TO DO >>
Every line in the records below with the string "Maison" needs to be copied out.

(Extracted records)

%%

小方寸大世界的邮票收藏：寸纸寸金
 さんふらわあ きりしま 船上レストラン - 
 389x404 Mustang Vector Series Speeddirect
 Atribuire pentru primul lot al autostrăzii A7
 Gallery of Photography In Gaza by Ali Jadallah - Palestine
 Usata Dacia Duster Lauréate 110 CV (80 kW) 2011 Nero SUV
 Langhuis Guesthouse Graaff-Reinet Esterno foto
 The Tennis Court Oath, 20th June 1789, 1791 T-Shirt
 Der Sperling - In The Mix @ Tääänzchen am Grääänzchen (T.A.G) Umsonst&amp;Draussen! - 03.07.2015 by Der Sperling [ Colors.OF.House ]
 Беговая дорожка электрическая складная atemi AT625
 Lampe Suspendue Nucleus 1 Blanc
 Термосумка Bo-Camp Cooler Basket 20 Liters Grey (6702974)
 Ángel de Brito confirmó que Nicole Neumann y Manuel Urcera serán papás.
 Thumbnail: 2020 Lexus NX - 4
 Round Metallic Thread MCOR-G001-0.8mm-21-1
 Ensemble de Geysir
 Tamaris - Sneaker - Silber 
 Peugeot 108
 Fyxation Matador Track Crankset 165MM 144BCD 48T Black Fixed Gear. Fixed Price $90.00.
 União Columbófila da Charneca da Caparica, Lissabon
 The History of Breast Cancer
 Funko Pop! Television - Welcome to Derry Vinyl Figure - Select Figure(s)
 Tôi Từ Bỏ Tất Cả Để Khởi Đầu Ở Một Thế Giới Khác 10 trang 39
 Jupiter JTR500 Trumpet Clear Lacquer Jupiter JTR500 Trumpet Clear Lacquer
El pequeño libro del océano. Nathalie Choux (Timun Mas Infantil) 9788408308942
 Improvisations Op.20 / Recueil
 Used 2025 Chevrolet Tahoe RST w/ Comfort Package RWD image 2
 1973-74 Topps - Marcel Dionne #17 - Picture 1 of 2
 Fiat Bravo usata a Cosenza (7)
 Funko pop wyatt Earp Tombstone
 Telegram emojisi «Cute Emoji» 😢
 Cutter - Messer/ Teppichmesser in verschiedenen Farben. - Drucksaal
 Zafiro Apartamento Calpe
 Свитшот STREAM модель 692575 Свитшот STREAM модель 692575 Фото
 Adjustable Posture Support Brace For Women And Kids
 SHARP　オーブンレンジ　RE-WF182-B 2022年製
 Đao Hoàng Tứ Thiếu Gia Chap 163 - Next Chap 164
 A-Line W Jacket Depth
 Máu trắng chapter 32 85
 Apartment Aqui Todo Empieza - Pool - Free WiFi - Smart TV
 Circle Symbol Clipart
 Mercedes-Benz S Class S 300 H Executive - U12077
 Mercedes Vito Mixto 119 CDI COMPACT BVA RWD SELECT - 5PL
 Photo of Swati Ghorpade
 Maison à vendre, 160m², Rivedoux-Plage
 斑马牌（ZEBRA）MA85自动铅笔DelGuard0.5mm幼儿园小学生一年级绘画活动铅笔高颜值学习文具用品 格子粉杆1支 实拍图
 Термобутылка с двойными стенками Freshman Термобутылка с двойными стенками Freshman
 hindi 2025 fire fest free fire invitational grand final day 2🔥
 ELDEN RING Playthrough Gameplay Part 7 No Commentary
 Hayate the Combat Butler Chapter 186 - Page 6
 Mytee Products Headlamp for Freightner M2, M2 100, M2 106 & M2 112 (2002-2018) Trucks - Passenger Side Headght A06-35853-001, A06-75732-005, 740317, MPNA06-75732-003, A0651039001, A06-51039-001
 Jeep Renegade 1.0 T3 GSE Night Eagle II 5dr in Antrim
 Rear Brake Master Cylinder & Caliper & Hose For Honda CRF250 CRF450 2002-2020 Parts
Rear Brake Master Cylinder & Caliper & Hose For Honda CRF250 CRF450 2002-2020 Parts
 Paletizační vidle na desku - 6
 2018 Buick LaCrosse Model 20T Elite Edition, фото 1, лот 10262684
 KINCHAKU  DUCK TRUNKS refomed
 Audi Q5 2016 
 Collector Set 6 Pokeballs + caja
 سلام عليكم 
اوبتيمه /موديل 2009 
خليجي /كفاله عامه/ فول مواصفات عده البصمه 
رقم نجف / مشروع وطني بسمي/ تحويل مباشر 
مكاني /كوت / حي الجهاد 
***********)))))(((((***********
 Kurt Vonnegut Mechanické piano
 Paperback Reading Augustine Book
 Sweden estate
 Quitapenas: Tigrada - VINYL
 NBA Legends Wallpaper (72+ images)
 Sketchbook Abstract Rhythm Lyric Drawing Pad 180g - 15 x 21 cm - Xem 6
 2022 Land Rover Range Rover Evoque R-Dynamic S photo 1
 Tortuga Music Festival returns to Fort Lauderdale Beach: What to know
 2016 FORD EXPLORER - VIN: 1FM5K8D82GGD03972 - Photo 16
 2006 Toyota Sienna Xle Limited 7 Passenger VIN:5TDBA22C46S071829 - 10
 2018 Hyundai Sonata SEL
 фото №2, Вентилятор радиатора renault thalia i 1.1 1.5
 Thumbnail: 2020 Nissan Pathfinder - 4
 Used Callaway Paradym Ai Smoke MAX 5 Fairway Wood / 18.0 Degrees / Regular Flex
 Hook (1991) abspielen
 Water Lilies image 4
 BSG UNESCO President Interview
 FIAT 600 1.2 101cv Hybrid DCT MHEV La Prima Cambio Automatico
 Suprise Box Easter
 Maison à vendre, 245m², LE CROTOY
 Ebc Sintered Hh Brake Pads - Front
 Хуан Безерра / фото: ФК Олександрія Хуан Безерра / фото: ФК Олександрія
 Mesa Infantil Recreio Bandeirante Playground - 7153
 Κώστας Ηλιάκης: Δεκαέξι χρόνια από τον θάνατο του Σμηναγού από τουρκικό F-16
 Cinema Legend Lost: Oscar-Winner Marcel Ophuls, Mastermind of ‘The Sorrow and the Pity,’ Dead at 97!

%%

EXERCISE RESULT >>
 Maison à vendre, 160m², Rivedoux-Plage
 Maison à vendre, 245m², LE CROTOY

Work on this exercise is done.